**Short text fragments from websites:**
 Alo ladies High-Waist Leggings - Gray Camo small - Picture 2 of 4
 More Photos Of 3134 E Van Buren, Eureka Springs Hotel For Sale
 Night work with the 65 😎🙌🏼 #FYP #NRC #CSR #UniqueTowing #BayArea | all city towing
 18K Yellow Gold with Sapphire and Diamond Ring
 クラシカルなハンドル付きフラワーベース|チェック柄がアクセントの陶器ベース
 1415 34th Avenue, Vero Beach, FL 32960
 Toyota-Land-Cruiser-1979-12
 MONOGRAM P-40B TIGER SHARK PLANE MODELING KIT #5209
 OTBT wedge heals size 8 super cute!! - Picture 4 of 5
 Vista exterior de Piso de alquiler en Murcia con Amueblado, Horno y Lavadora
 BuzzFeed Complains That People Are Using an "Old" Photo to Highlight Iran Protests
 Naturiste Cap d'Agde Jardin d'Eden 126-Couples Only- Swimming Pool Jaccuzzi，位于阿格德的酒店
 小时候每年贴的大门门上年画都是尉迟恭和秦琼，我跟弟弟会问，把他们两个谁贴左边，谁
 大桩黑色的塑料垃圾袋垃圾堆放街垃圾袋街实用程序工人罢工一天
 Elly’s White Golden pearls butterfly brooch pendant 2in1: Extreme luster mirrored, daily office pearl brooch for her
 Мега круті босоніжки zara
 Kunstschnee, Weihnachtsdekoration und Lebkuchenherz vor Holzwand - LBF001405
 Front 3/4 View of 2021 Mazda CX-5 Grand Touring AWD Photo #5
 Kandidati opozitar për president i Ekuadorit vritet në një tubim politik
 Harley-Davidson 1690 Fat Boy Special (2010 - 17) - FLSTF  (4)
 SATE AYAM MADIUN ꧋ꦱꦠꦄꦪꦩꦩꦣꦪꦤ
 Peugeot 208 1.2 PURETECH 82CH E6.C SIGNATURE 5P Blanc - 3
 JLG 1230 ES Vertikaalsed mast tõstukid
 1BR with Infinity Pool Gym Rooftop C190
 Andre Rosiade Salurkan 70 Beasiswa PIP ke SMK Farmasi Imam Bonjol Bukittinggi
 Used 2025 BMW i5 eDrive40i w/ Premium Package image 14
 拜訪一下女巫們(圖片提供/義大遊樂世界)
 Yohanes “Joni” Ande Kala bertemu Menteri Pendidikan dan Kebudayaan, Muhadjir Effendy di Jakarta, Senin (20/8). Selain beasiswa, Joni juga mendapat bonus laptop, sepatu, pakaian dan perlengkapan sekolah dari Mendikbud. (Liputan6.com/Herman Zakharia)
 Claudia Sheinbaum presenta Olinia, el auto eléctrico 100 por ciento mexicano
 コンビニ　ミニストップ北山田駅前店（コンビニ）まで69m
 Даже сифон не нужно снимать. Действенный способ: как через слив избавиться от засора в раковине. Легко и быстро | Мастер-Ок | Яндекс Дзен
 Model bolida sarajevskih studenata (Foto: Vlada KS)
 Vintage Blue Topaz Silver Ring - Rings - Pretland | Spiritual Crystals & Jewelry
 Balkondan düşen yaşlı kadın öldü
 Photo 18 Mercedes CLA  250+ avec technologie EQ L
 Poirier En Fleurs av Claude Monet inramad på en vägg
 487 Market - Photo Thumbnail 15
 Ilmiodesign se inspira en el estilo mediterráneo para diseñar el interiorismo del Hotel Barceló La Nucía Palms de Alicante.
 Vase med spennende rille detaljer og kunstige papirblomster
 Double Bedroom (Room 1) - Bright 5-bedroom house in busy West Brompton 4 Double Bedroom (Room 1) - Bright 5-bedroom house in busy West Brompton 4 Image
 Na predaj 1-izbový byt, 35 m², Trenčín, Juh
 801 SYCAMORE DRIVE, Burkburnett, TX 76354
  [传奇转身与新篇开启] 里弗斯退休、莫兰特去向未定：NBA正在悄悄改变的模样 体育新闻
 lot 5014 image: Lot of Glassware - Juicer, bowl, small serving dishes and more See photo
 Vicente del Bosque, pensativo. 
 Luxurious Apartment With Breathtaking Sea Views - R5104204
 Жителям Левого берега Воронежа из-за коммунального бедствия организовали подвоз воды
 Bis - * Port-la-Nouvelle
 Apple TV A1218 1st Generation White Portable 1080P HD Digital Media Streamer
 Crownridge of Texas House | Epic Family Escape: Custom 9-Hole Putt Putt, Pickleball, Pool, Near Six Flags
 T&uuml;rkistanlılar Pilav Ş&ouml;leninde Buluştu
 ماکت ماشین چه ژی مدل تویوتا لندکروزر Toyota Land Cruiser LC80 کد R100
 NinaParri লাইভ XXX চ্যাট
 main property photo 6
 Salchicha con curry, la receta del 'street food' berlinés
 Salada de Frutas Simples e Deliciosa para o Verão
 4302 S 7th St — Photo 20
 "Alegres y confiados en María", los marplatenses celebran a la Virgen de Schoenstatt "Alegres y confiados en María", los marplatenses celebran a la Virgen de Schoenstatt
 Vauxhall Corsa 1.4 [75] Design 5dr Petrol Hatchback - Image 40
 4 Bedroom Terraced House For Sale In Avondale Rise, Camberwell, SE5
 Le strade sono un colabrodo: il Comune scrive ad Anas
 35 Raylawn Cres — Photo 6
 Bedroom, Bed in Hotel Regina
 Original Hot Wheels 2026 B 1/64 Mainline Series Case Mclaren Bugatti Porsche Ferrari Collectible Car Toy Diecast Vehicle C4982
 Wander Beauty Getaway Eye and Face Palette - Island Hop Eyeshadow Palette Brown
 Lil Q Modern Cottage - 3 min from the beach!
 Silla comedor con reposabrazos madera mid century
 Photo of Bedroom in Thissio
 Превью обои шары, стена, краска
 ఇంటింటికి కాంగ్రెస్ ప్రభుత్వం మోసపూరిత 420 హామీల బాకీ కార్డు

**Exercise requirements:** Copy out, exactly and alone, the lines of the entries above between the ones holding "Andre Rosiade Salurkan" and "Model bolida sarajevskih", inclusive.

**Written response:**
 Andre Rosiade Salurkan 70 Beasiswa PIP ke SMK Farmasi Imam Bonjol Bukittinggi
 Used 2025 BMW i5 eDrive40i w/ Premium Package image 14
 拜訪一下女巫們(圖片提供/義大遊樂世界)
 Yohanes “Joni” Ande Kala bertemu Menteri Pendidikan dan Kebudayaan, Muhadjir Effendy di Jakarta, Senin (20/8). Selain beasiswa, Joni juga mendapat bonus laptop, sepatu, pakaian dan perlengkapan sekolah dari Mendikbud. (Liputan6.com/Herman Zakharia)
 Claudia Sheinbaum presenta Olinia, el auto eléctrico 100 por ciento mexicano
 コンビニ　ミニストップ北山田駅前店（コンビニ）まで69m
 Даже сифон не нужно снимать. Действенный способ: как через слив избавиться от засора в раковине. Легко и быстро | Мастер-Ок | Яндекс Дзен
 Model bolida sarajevskih studenata (Foto: Vlada KS)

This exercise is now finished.